Records provided: Begin

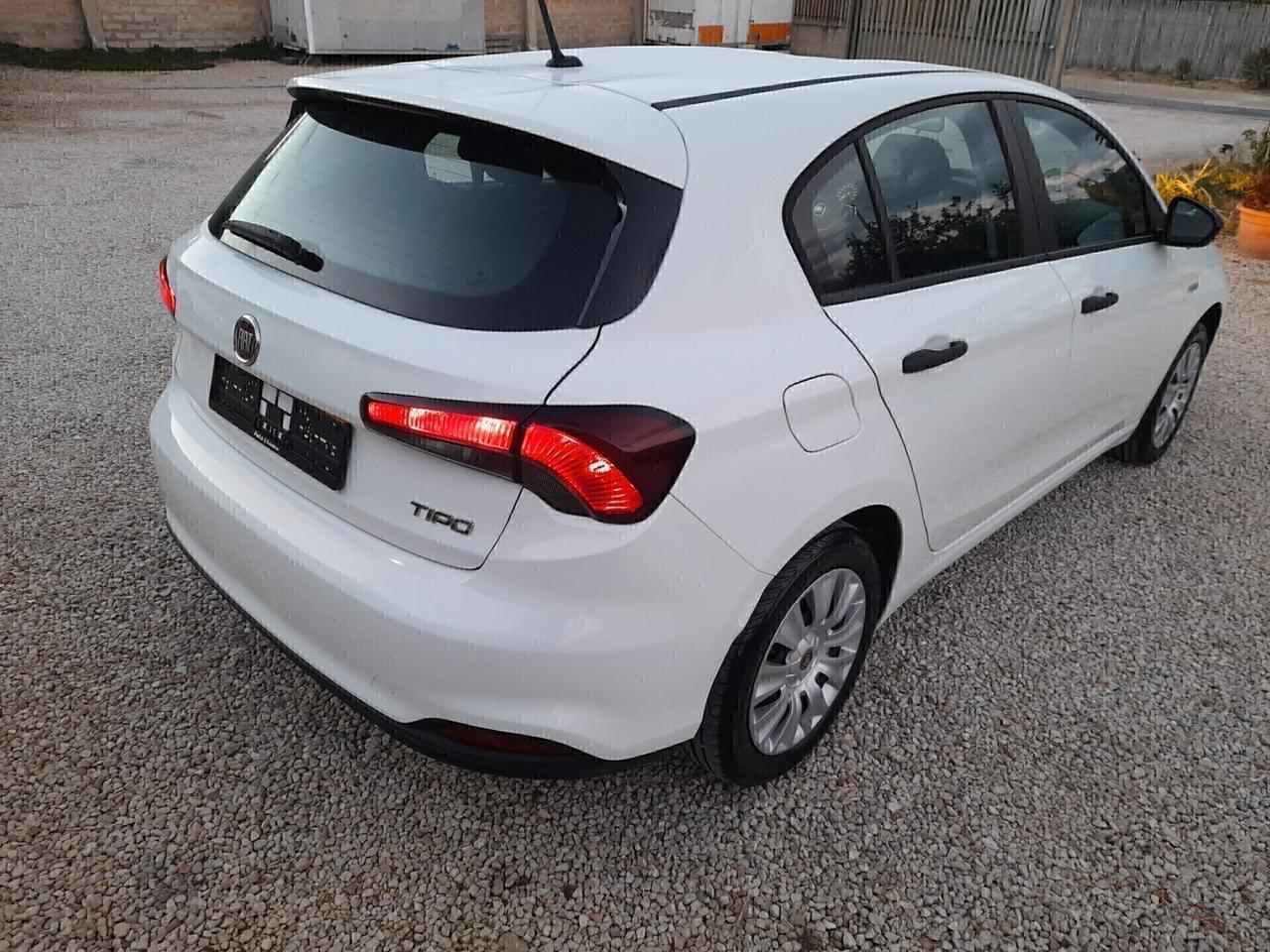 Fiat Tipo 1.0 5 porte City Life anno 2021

Records provided: End
Records provided: Begin

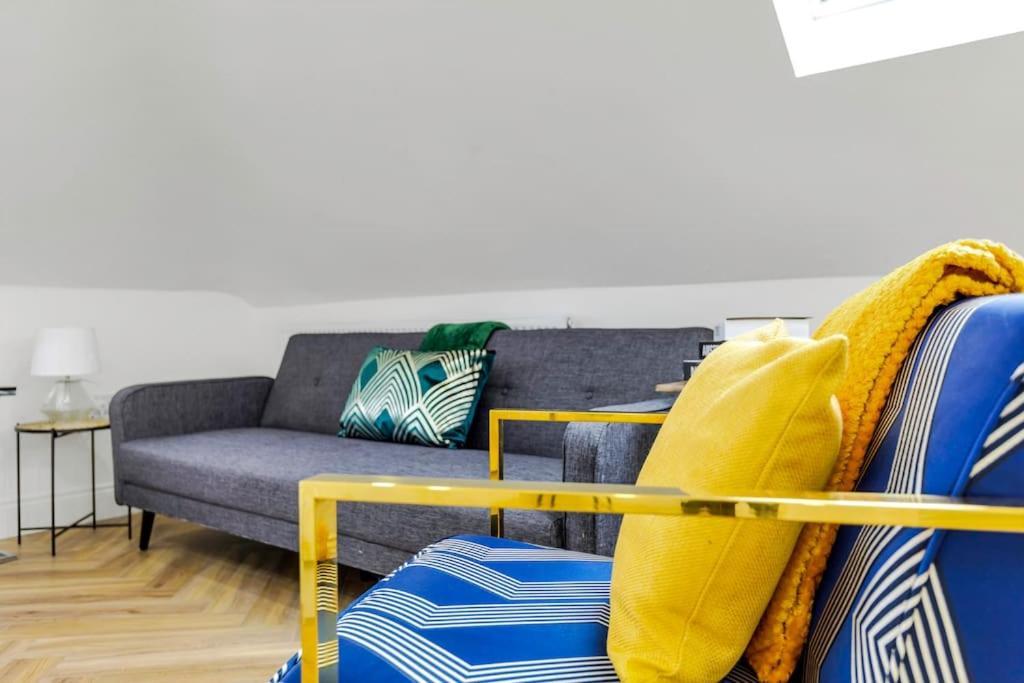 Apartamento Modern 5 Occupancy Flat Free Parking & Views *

Records provided: End
Records provided: Begin

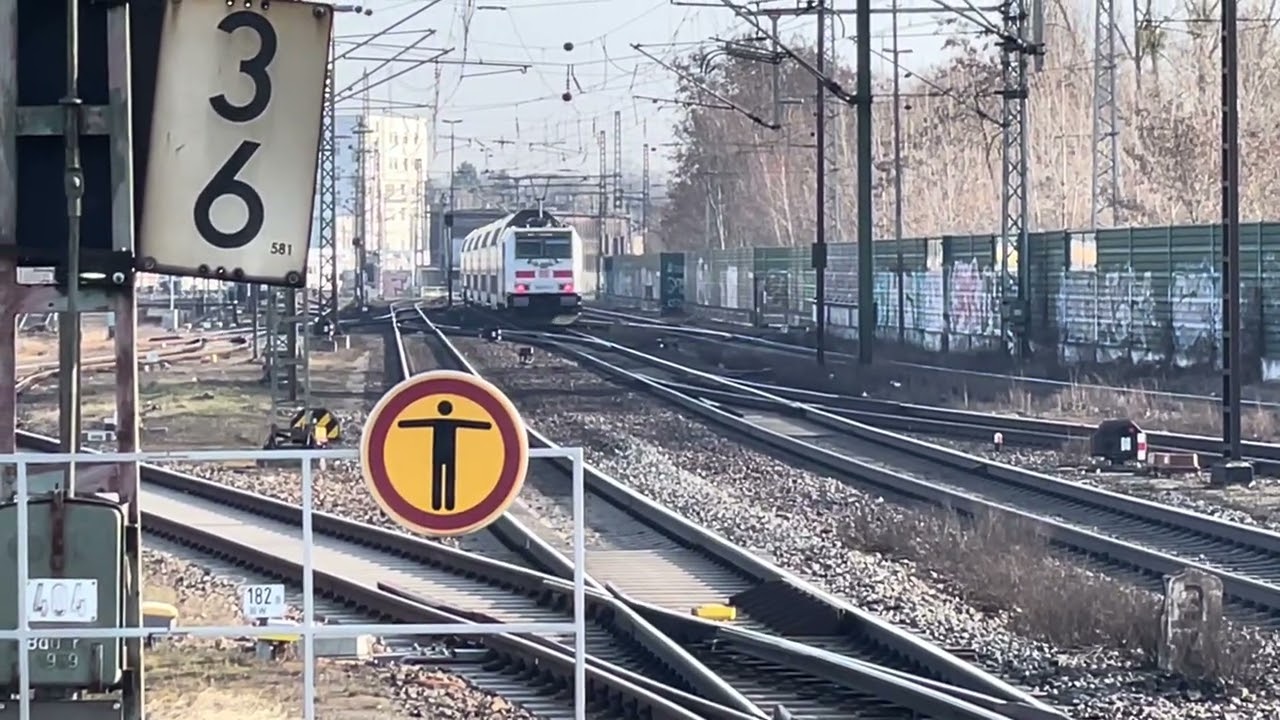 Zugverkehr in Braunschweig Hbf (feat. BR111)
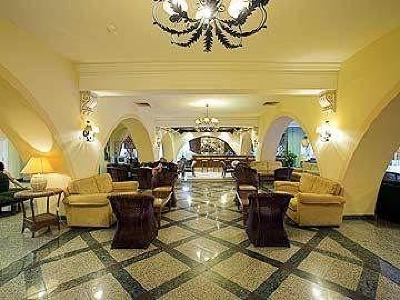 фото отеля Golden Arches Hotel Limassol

Records provided: End

▶ _Instructions for the task_:
Your answer should consist of the lines above between those holding "Zugverkehr in Braunschweig Hbf (feat. BR111)" and "фото отеля Golden Arches Hotel Limassol", inclusive, reproduced word for word and without pictures.

▶ _Your response_:
 Zugverkehr in Braunschweig Hbf (feat. BR111)
 фото отеля Golden Arches Hotel Limassol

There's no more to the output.